What the task requires -
Word for word, restate every line of the listing that follows.

Entries provided -
+ + +
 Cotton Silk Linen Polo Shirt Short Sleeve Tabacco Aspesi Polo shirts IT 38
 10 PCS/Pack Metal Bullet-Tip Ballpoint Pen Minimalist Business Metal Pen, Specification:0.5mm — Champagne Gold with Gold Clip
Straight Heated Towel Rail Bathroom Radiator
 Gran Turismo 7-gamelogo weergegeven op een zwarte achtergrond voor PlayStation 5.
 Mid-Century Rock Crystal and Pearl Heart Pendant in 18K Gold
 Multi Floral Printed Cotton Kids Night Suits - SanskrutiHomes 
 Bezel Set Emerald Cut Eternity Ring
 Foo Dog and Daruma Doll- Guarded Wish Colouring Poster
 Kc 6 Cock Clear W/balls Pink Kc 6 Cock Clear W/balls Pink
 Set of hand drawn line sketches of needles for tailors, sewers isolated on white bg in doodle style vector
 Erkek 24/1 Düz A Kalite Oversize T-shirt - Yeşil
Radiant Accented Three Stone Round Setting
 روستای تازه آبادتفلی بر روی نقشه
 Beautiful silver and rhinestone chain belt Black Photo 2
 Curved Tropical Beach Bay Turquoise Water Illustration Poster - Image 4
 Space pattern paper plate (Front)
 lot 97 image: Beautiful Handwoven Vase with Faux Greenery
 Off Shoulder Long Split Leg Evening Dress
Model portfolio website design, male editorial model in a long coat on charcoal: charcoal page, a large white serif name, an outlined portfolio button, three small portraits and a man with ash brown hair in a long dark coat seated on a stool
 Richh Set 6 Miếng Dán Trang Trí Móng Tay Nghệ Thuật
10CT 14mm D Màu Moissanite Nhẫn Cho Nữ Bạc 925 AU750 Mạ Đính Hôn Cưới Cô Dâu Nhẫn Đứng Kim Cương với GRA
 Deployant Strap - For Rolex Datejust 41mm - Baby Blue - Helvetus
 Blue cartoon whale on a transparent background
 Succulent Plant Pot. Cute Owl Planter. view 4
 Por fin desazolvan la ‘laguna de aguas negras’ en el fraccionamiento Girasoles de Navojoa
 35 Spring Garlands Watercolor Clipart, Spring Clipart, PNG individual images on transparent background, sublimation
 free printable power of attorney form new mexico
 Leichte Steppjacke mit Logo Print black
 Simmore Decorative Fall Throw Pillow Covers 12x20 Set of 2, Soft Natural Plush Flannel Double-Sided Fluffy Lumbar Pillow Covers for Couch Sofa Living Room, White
+ + +
Solution to the problem -
 Cotton Silk Linen Polo Shirt Short Sleeve Tabacco Aspesi Polo shirts IT 38
 10 PCS/Pack Metal Bullet-Tip Ballpoint Pen Minimalist Business Metal Pen, Specification:0.5mm — Champagne Gold with Gold Clip
Straight Heated Towel Rail Bathroom Radiator
 Gran Turismo 7-gamelogo weergegeven op een zwarte achtergrond voor PlayStation 5.
 Mid-Century Rock Crystal and Pearl Heart Pendant in 18K Gold
 Multi Floral Printed Cotton Kids Night Suits - SanskrutiHomes 
 Bezel Set Emerald Cut Eternity Ring
 Foo Dog and Daruma Doll- Guarded Wish Colouring Poster
 Kc 6 Cock Clear W/balls Pink Kc 6 Cock Clear W/balls Pink
 Set of hand drawn line sketches of needles for tailors, sewers isolated on white bg in doodle style vector
 Erkek 24/1 Düz A Kalite Oversize T-shirt - Yeşil
Radiant Accented Three Stone Round Setting
 روستای تازه آبادتفلی بر روی نقشه
 Beautiful silver and rhinestone chain belt Black Photo 2
 Curved Tropical Beach Bay Turquoise Water Illustration Poster - Image 4
 Space pattern paper plate (Front)
 lot 97 image: Beautiful Handwoven Vase with Faux Greenery
 Off Shoulder Long Split Leg Evening Dress
Model portfolio website design, male editorial model in a long coat on charcoal: charcoal page, a large white serif name, an outlined portfolio button, three small portraits and a man with ash brown hair in a long dark coat seated on a stool
 Richh Set 6 Miếng Dán Trang Trí Móng Tay Nghệ Thuật
10CT 14mm D Màu Moissanite Nhẫn Cho Nữ Bạc 925 AU750 Mạ Đính Hôn Cưới Cô Dâu Nhẫn Đứng Kim Cương với GRA
 Deployant Strap - For Rolex Datejust 41mm - Baby Blue - Helvetus
 Blue cartoon whale on a transparent background
 Succulent Plant Pot. Cute Owl Planter. view 4
 Por fin desazolvan la ‘laguna de aguas negras’ en el fraccionamiento Girasoles de Navojoa
 35 Spring Garlands Watercolor Clipart, Spring Clipart, PNG individual images on transparent background, sublimation
 free printable power of attorney form new mexico
 Leichte Steppjacke mit Logo Print black
 Simmore Decorative Fall Throw Pillow Covers 12x20 Set of 2, Soft Natural Plush Flannel Double-Sided Fluffy Lumbar Pillow Covers for Couch Sofa Living Room, White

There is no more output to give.